No fim das contas, a importância de Kennan na formulação da política externa norte-americana fora fundamental. Ele, mais do que qualquer outra pessoa de sua época, reunia a credibilidade e a argúcia analítica necessárias na denúncia do verdadeiro caráter do regime soviético. Em um momento no qual parte significativa da opinião pública dos EUA ainda via o governo russo como um aliado internacional importante, Kennan advertiu sobre a ingenuidade (e o perigo) dessa ideia. Seu argumento desencorajava frontalmente qualquer tentativa de acomodação de longo prazo, uma vez que a conjunção de razões históricas russas e premissas subjacentes ao argumento marxista-leninista demonstravam a vacuidade desse tipo de intenção. No entanto, seguindo uma tradição de realismo político (que vinha de Sun Tzu, passava por Maquiavel e chegava a Clausewitz), ele achava que os EUA e seus aliados poderiam precipitar um quadro no qual a União Soviética acabasse por derrotar a si mesma.
Kennan chegou a essa ideia através de alguns autores muito importantes na constituição de sua visão de mundo. Gibbon, por exemplo, o alertou sobre a dificuldade do império romano em administrar, sob prazo indefinido, territórios conquistados em inúmeras guerras. As obras de escritores como Tolstói, Dostoievski e Tchekhov demonstraram a clara dissonância que havia entre a resistência espiritual do povo russo ao projeto revolucionário e a agenda política soviética. Além disso, Kennan acreditava que os EUA deveriam sempre se pautar por seus princípios fundacionais, além de conter a ânsia expansionista da URSS e aguardar pacientemente a implosão de seu nocivo regime.

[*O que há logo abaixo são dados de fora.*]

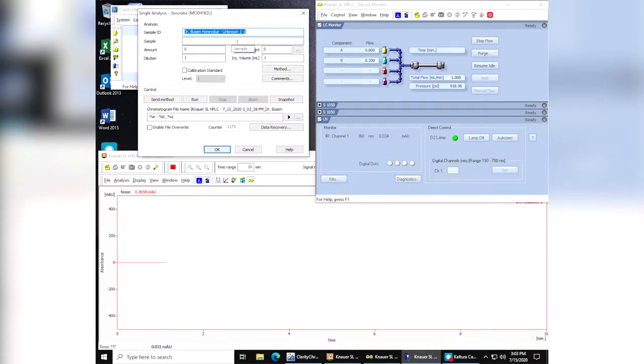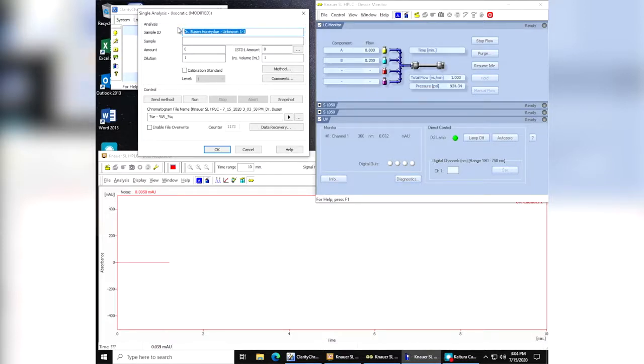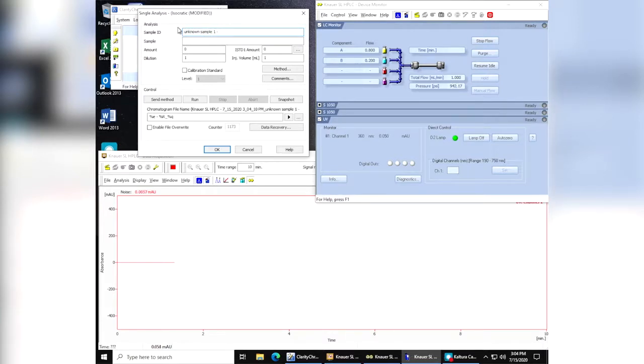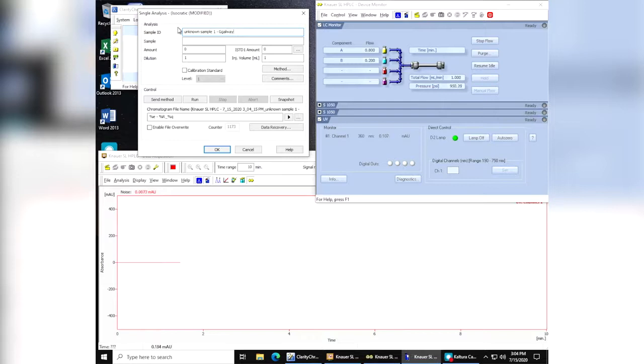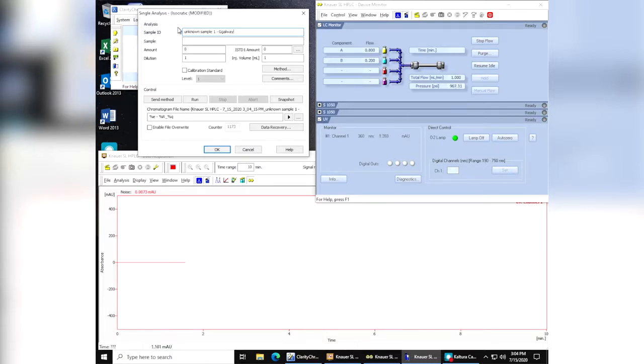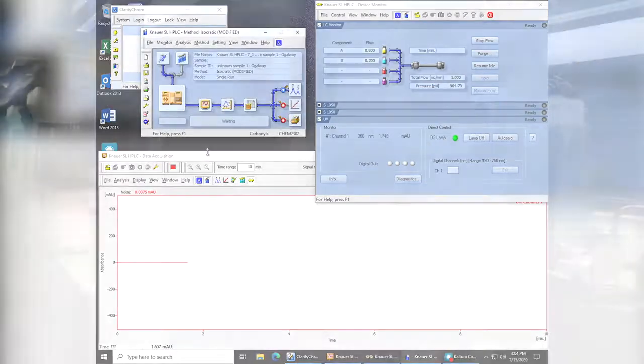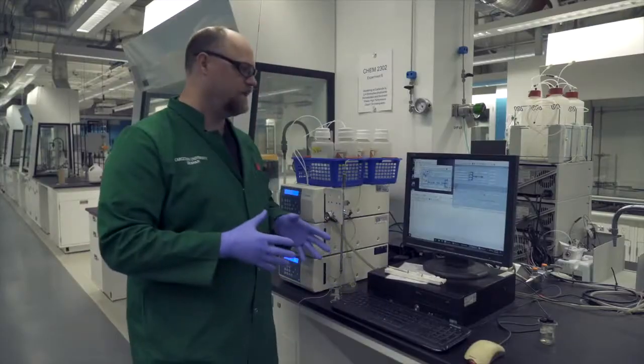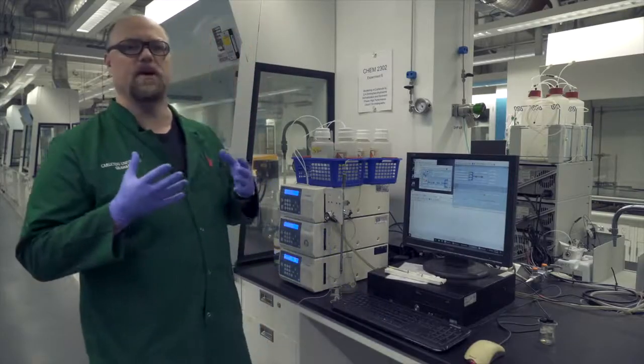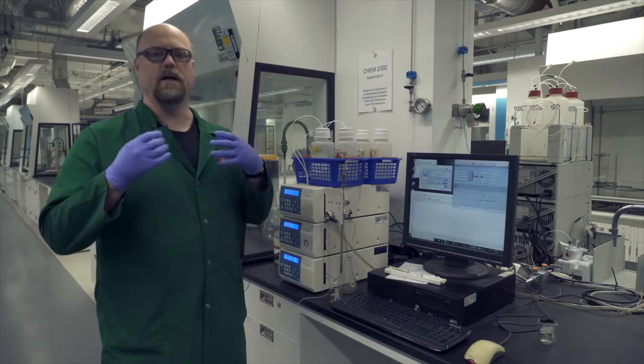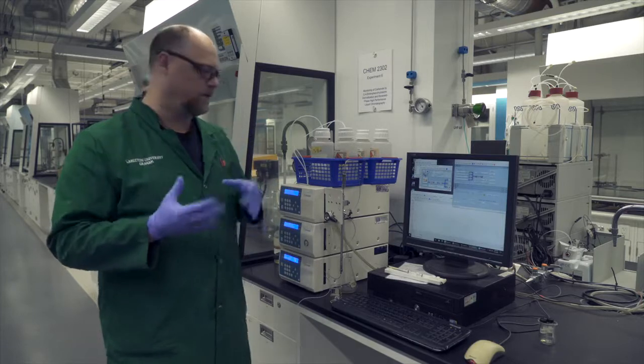We're going to change this name here to unknown sample one. And then it's a good idea to put your name with it, just so that it's easier for you to find your file amongst a whole bunch of different files, because they could all be labeled unknown one. But if you put your name on it, it's a lot simpler to find. Once you've got that done, you click OK. At this point in time, the instrument is now ready in order to do an injection.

O livro de Gaddis faz um uso muito interessante das fontes. Ele situa a narrativa histórica sempre em três planos diferentes: 1) a partir do ponto de vista do biografado (de acordo com os escritos de seu diário íntimo e de suas correspondências pessoais); 2) a partir do contexto histórico do momento analisado e 3) a partir de uma síntese pessoal dos dois primeiros planos. É possível que o maior problema da obra seja o explícito tom laudatório. De todo modo, é inegável que, ainda por muito tempo, A Vida de George F. Kennan será uma referência historiográfica incontornável não apenas para todos os interessados na vida do maior diplomata norte-americano, mas também para os estudiosos da Guerra Fria e da política americana e europeia contemporânea.
Gabriel Trigueiro
Doutorando em História Comparada na UFRJ. Especialista em história intelectual americana.